WHAT THE TASK REQUIRES: Given the records below, would you repeat exactly the lines that begin at the one containing "Image of grey" and end at the one containing "アイスパーソナライズされたクリームショップビジネスフライヤー チラシ (シングル)", inclusive?

EXERCISE MATERIALS:
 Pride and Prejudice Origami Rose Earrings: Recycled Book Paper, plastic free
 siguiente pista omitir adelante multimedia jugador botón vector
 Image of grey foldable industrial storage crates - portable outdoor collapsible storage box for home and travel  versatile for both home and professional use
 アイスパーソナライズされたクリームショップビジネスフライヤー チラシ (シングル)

---

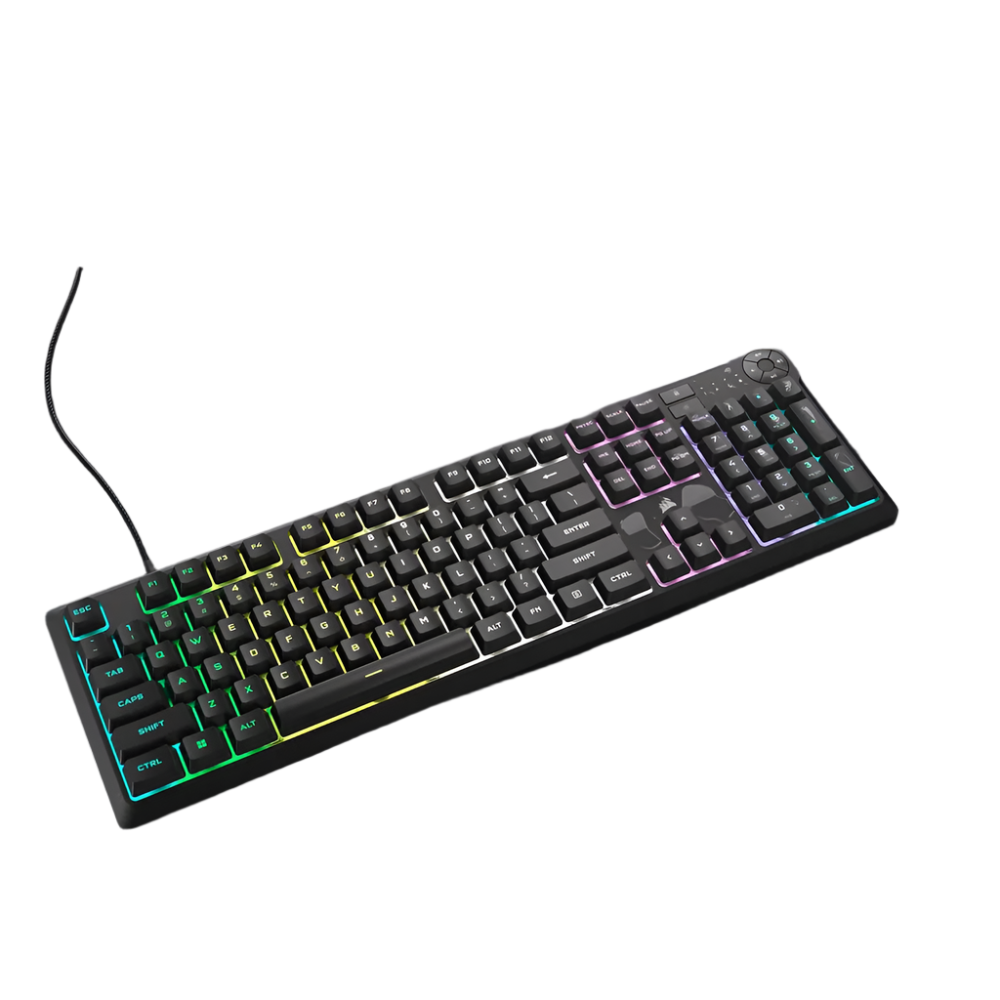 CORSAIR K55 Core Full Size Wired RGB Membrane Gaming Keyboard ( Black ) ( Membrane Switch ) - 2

EXERCISE OUTPUT:
 Image of grey foldable industrial storage crates - portable outdoor collapsible storage box for home and travel  versatile for both home and professional use
 アイスパーソナライズされたクリームショップビジネスフライヤー チラシ (シングル)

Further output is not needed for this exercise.